Pranlukast, a cysteinyl leukotriene type 1 receptor antagonist, attenuates the progression but not the onset of silica-induced pulmonary fibrosis in mice.

BACKGROUND: Although cysteinyl leukotrienes (CysLTs) have been implicated in the etiology of acute inflammatory diseases, recent studies have suggested that they also directly stimulate fibroblasts. However, their precise role in the pathogenesis of pulmonary fibrosis is unclear.
METHODS: In this study, we evaluated the effect of both short- and long-term treatment with pranlukast, a CysLT type 1 (CysLT(1)) receptor antagonist, on silica-induced pulmonary fibrosis in mice, which is characterized by persistent progression of fibrosis in the chronic phase. Pranlukast (30 mg/kg/day) was administered orally to mice for 2 or 10 weeks after intratracheal silica instillation.
RESULTS: Pranlukast treatment for 10 weeks significantly attenuated the progression of pulmonary fibrosis, and decreased the content of CysLTs and LTB(4), which were markedly increased in the bronchoalveolar lavage fluid (BALF) and lung tissues of silica-instilled mice in the chronic phase. However, pranlukast treatment for 2 weeks neither affected the acute inflammatory response induced by silica instillation nor inhibited the onset of fibrosis. The expression of TGF-β1 and TNF-α was not affected by pranlukast treatment for either 2 or 10 weeks.

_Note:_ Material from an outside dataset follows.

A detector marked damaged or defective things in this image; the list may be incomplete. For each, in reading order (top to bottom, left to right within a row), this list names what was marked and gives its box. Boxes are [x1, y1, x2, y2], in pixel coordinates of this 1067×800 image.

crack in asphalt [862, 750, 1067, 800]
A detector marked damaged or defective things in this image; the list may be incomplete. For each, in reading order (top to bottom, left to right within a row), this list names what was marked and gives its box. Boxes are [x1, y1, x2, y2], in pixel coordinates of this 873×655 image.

CONCLUSIONS: Pranlukast attenuates the progression of pulmonary fibrosis in the chronic phase but has no effect on the acute inflammatory response or on the onset of pulmonary fibrosis. The antifibrotic effect of pranlukast may be exhibited by antagonizing the direct profibrotic effect of CysLTs, without affecting the expression of other profibrotic cytokines such as TGF-β1 and TNF-α, and also by decreasing the production of CysLTs and LTB(4).